#### Work to complete
With pictures left out, output exactly the lines of the listing below from the line that has "Căn A3 - Diện" to the line that has "Brass Antique Tara", both lines kept.

#### Source data
****************
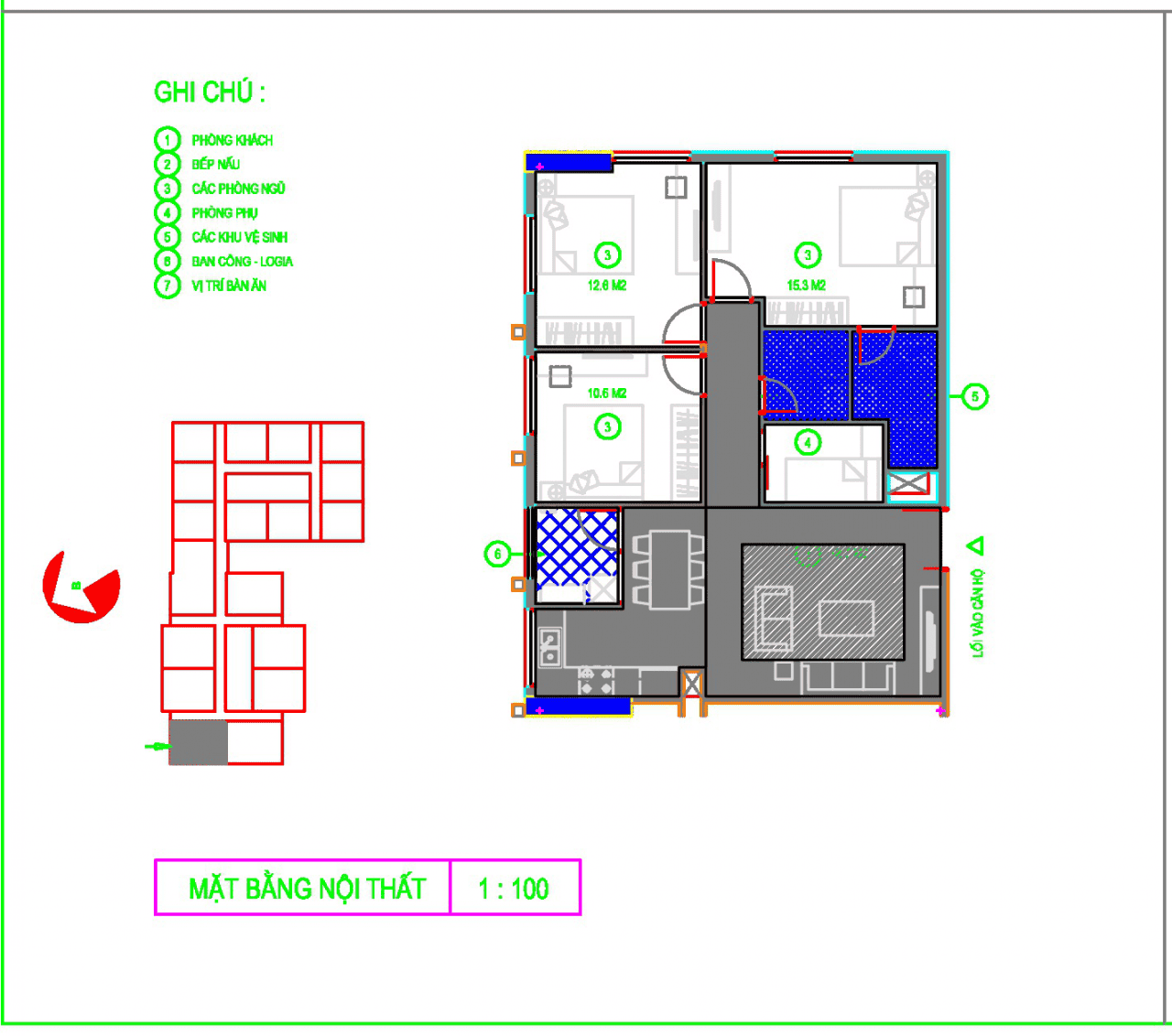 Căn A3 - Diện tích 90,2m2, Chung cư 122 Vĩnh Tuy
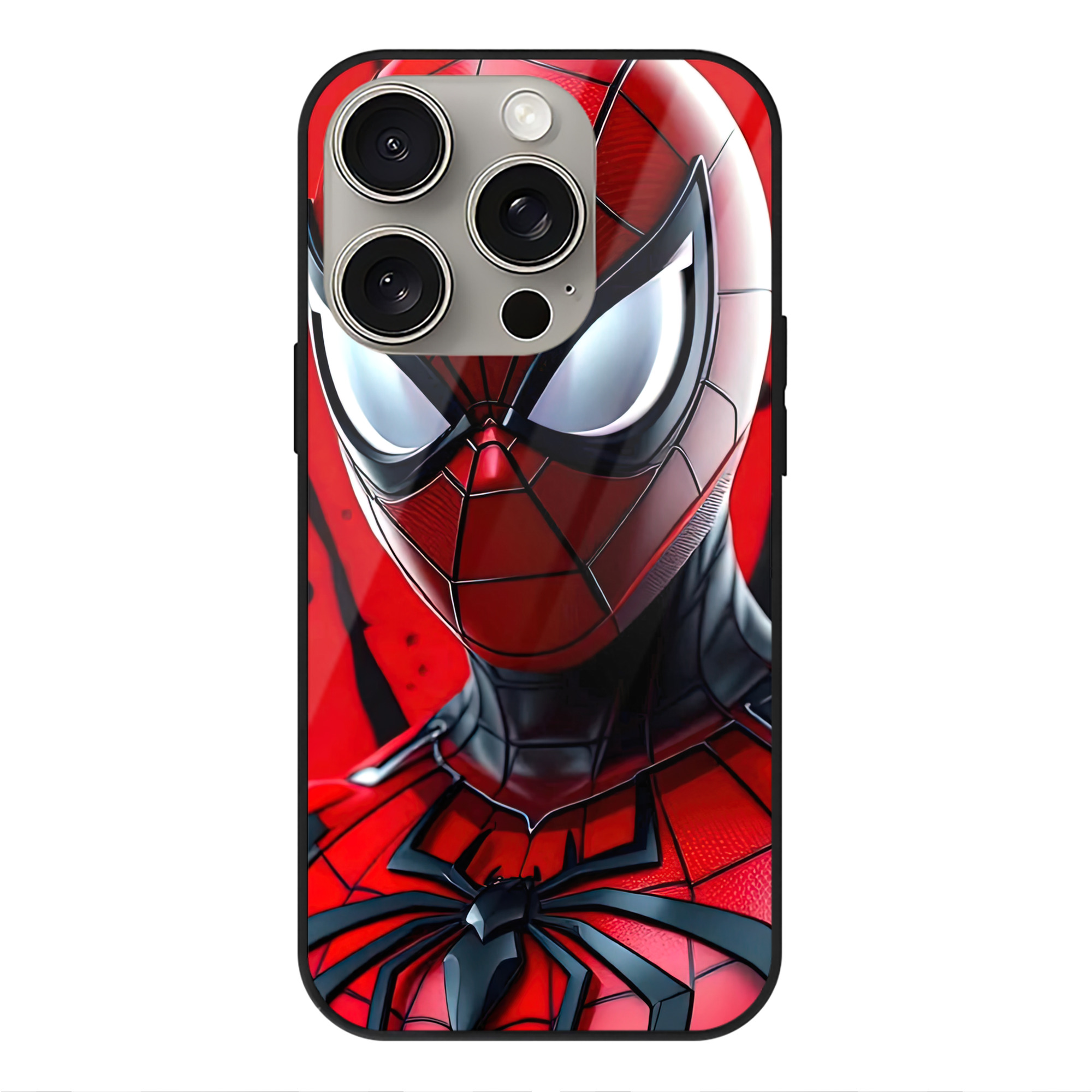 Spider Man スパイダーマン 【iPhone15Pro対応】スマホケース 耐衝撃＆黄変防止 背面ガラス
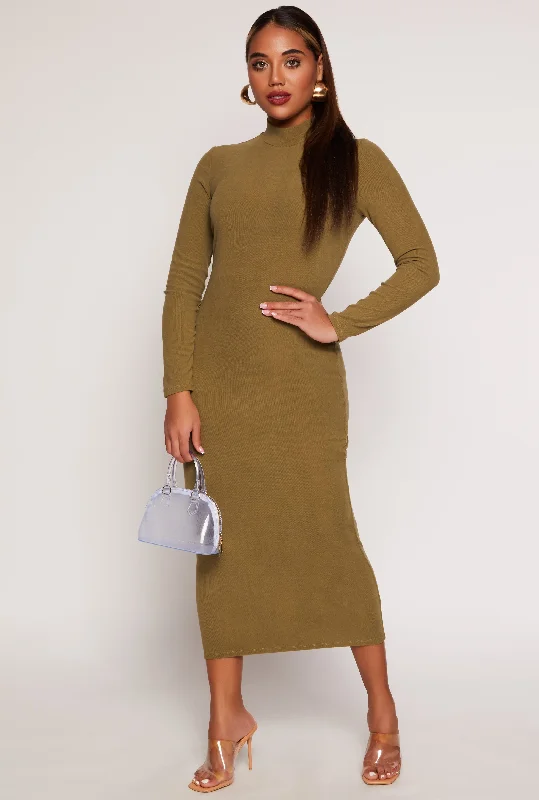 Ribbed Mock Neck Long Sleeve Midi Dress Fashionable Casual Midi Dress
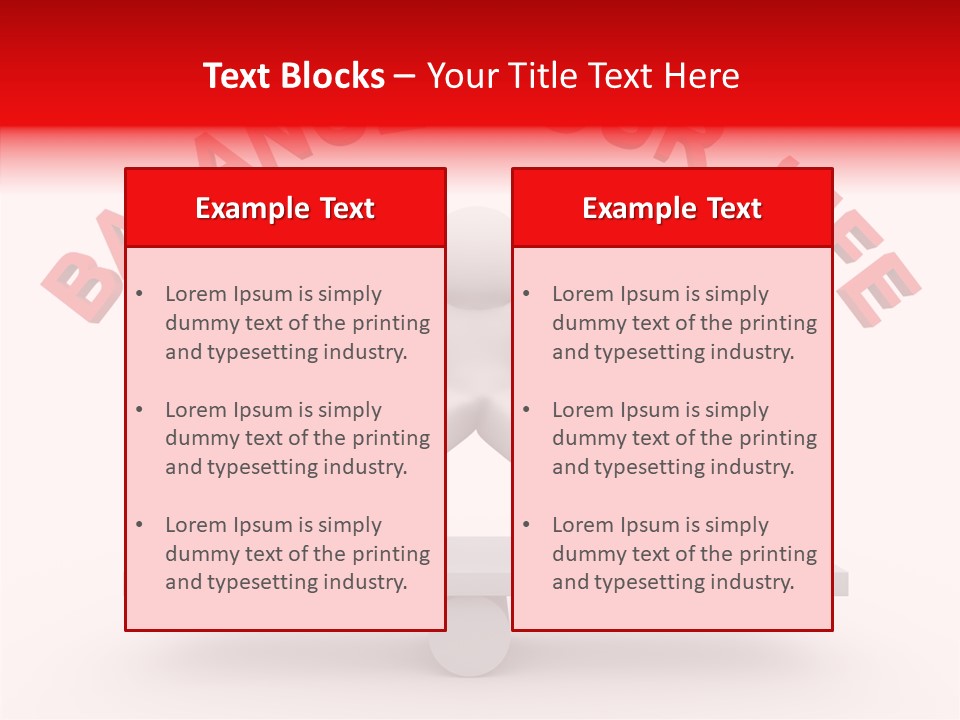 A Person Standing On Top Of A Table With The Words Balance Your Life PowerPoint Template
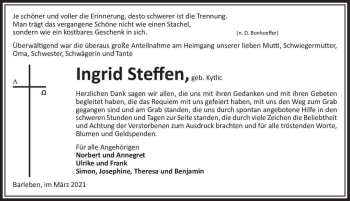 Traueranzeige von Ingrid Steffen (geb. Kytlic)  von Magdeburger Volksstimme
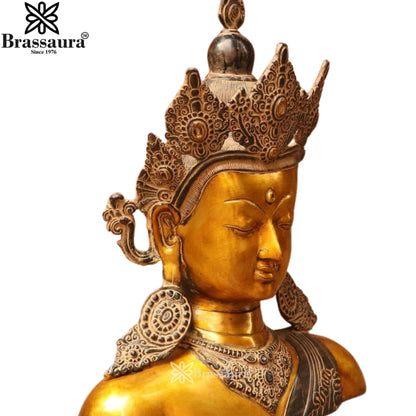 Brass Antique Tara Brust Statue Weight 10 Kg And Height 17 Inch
****************
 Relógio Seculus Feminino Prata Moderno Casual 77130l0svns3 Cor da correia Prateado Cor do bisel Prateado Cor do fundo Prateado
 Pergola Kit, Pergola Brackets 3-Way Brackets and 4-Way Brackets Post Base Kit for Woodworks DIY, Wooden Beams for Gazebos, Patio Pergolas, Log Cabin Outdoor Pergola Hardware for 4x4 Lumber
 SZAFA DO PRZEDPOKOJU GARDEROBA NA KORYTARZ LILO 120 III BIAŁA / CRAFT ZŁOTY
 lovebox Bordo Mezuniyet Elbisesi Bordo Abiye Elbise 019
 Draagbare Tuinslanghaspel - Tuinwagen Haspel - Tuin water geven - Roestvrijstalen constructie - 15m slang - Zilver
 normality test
****************
#### Answer box
 Căn A3 - Diện tích 90,2m2, Chung cư 122 Vĩnh Tuy
 Spider Man スパイダーマン 【iPhone15Pro対応】スマホケース 耐衝撃＆黄変防止 背面ガラス
 Ribbed Mock Neck Long Sleeve Midi Dress Fashionable Casual Midi Dress
 A Person Standing On Top Of A Table With The Words Balance Your Life PowerPoint Template
 Traueranzeige von Ingrid Steffen (geb. Kytlic)  von Magdeburger Volksstimme
 Brass Antique Tara Brust Statue Weight 10 Kg And Height 17 Inch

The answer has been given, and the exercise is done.